I have a small home monitoring setup using InfluxDB, Grafana, Telegraf and various little scripts etc. Despite running on a humble Raspberry Pi (3+), it works (or worked) really well…
Recently, I foolishly increased the retention period from 15 days to 365 days. Initially, everything was fine, but now (a few months later), InfluxDB won’t start properly.
Running influxd manually in order to see more info, it spends ~5-10 minutes attempting to start, then crashes with a fatal out-of-memory error.
I’d like some advice on how I can get up and running again please. I can’t amend the retention period back again and/or delete data using queries, of course (as influx won’t start)… so I suspect I’ll need to delete the DB at filesystem level and just start again from scratch?

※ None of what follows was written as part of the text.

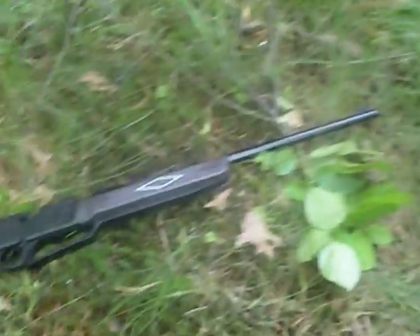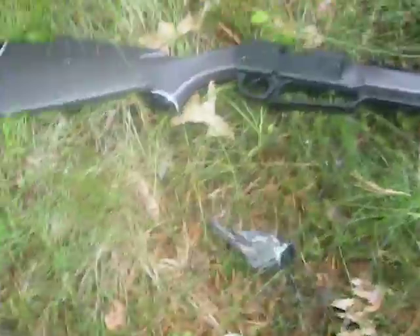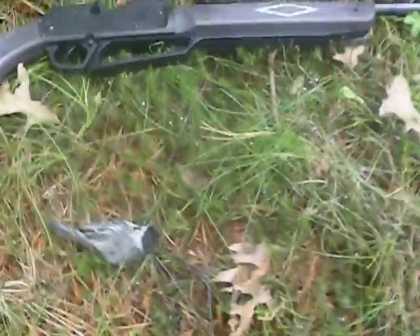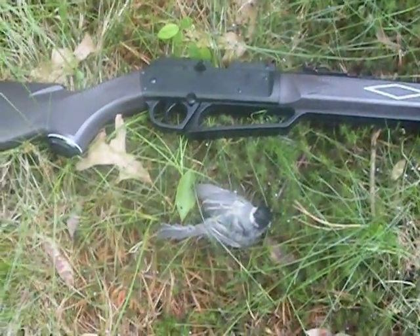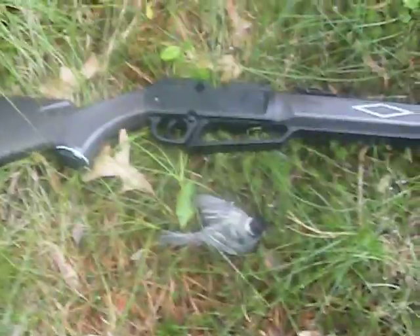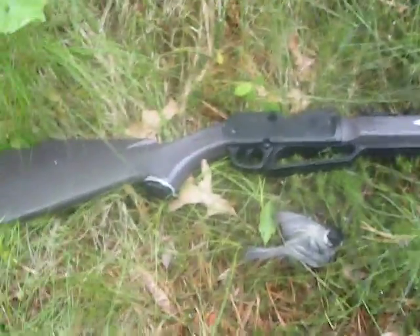Here's another bird I shot with my Powerline 880. I shot him right through his butt, right there. And somehow he miraculously was able to fly 15 feet and then land, and then I shot him again. So here's a nice little bird.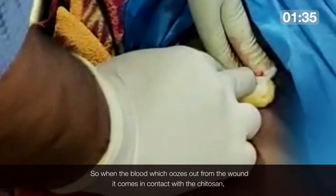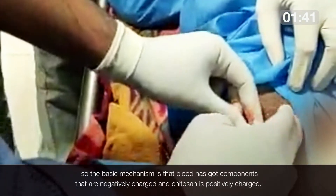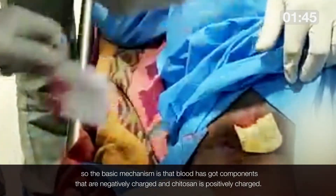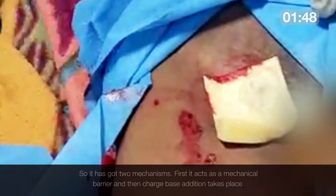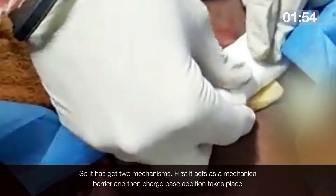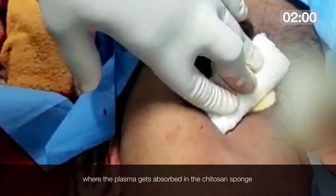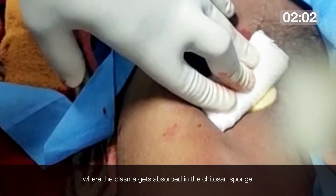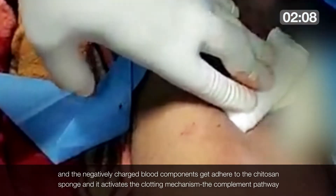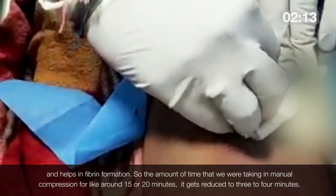When the blood oozes out from the wound and comes in contact with the chitosan, the basic mechanism is that blood components are negatively charged and chitosan is positively charged. It acts as a mechanical barrier, and then charge-based adhesion takes place where plasma gets absorbed into the chitosan sponge, negatively charged blood components adhere to it, and it activates the clotting mechanism — the complement pathway — helping in fibrin formation.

I notice that the /var/lib/influxdb/data and /var/lib/influxdb/wal folders contain my databases.
Is it safe to delete the contents of these folders in order to start again from scratch? I could then just create the databases and start logging data again, I assume…
One thing I’ve noticed for embedded systems is that the shard duration seems to matter - for large shard duration RPi’s, etc. seem to have issue on compaction and shut down. Then whenever you restart it dies trying to read the wal files and continue the compaction.
I think if you change the retention policy within chronograf it automatically sets a corresponding shard duration, where the shard duration grows with retention time.
I would recommend setting retention policy manually with shard duration from within influx; eg; retention = 1yr, shard duration = 1d. Then it does compaction more frequently and the Pi doesn’t run out of memory.